Assignment:
Only one stretch of the data below is wanted: the lines from the one with "The problem might" through the one with "I'm Richard, a", repeated exactly.

The input:
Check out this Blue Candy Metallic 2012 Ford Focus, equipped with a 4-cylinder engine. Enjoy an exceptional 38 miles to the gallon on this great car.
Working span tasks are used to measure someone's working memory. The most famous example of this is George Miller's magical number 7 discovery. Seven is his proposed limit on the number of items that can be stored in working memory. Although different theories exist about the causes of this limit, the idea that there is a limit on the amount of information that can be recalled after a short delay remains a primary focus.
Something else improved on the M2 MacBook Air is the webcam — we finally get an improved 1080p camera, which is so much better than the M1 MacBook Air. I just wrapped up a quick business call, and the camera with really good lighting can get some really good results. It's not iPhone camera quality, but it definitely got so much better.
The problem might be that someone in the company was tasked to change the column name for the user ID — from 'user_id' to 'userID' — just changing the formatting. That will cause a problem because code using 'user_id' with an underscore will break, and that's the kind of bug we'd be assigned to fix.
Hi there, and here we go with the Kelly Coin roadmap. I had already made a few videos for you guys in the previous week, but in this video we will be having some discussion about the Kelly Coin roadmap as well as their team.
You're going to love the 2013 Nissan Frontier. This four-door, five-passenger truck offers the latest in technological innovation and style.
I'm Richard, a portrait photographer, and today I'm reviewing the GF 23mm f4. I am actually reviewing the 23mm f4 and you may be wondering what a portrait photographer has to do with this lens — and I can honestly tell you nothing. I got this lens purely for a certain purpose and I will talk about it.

==

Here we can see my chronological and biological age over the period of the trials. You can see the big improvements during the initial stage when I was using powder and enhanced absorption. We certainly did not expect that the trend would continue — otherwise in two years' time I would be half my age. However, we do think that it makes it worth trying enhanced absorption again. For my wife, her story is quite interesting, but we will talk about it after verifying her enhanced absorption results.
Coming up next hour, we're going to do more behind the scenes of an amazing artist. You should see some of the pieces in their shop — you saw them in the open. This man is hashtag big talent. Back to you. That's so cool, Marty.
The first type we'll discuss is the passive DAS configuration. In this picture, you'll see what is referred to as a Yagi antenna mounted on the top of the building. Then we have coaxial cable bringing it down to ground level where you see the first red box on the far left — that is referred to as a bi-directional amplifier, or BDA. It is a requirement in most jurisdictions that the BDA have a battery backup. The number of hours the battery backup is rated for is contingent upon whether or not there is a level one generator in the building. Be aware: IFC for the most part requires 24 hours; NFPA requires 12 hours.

Response below:
The problem might be that someone in the company was tasked to change the column name for the user ID — from 'user_id' to 'userID' — just changing the formatting. That will cause a problem because code using 'user_id' with an underscore will break, and that's the kind of bug we'd be assigned to fix.
Hi there, and here we go with the Kelly Coin roadmap. I had already made a few videos for you guys in the previous week, but in this video we will be having some discussion about the Kelly Coin roadmap as well as their team.
You're going to love the 2013 Nissan Frontier. This four-door, five-passenger truck offers the latest in technological innovation and style.
I'm Richard, a portrait photographer, and today I'm reviewing the GF 23mm f4. I am actually reviewing the 23mm f4 and you may be wondering what a portrait photographer has to do with this lens — and I can honestly tell you nothing. I got this lens purely for a certain purpose and I will talk about it.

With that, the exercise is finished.